Alex is Sprintlaw’s co-founder and principal lawyer. Alex previously worked at a top-tier firm as a lawyer specialising in technology and media contracts, and founded a digital agency which he sold in 2015.
- What Is A Letter Of Intent?
- When Should Your Business Use A Letter Of Intent?
- LOI, Heads Of Agreement, Or MOU: What’s The Difference?
- Is A Letter Of Intent Legally Binding In Australia?
How To Build And Use A Letter Of Intent Template (Step-By-Step)
- Step 1: Clarify Your Objectives And Deal Structure
- Step 2: Draft Clear Sections For Commercial Terms And Binding Clauses
- Step 3: Add Confidentiality And IP Protections
- Step 4: Cover Execution Requirements
- Step 5: Keep A Version You Can Tailor
- Step 6: Use The LOI To Drive The Timetable
- Step 7: Transition Smoothly To The Final Agreement
- Common Mistakes To Avoid With LOI Templates
- Which Other Legal Documents Do You Need With An LOI?
- Practical Tips For Australian Small Businesses
- Key Takeaways
A letter of intent (LOI) can move negotiations forward without forcing you into a full contract straight away. For small businesses in Australia, it’s a practical way to record commercial terms, set timelines, and protect confidentiality while you complete due diligence.
If you’re weighing up whether to use a letter of intent template, this guide explains what an LOI is, when to use one, what to include, and how to avoid common pitfalls. We’ll also look at how an LOI compares to similar documents, and the other agreements you’ll likely need alongside it.

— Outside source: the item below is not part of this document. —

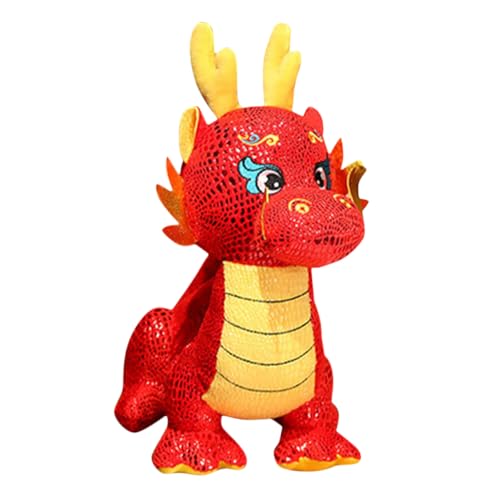 CIYODO Sternzeichen-Drachen-Puppe süße Kuscheltiere Drachenplüschpuppe Drachenpuppen- Babytrage Dekoration ausgestopfte Drachenpuppe Stofftier PP Baumwolle rot von CIYODO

With the right preparation, your LOI can help you test the waters and create momentum-without locking you into a deal before you’re ready.
What Is A Letter Of Intent?
A letter of intent is a document that records the key terms the parties intend to include in a final agreement. Think of it as a roadmap for negotiations. It clarifies the commercial “headlines” (like price, scope and timing), sets out a process for due diligence, and often includes some binding protections (for example, confidentiality or exclusivity) while the parties work towards a definitive contract.
In Australia, LOIs are commonly used for business purchases, joint ventures, supplier arrangements, property deals, and strategic partnerships. They are sometimes called a term sheet or an indicative offer, depending on the context. While many LOIs are drafted to be mostly non-binding, parts of them can be binding if the wording indicates the parties intend to be legally bound.
When Should Your Business Use A Letter Of Intent?
You’d typically use an LOI when you want to confirm you’re on the same page before spending time and money on due diligence and contract drafting. It’s particularly useful when:
- You’re exploring a business or asset acquisition, and you want to lock in an indicative price, timeline and exclusivity while you review financials and operations.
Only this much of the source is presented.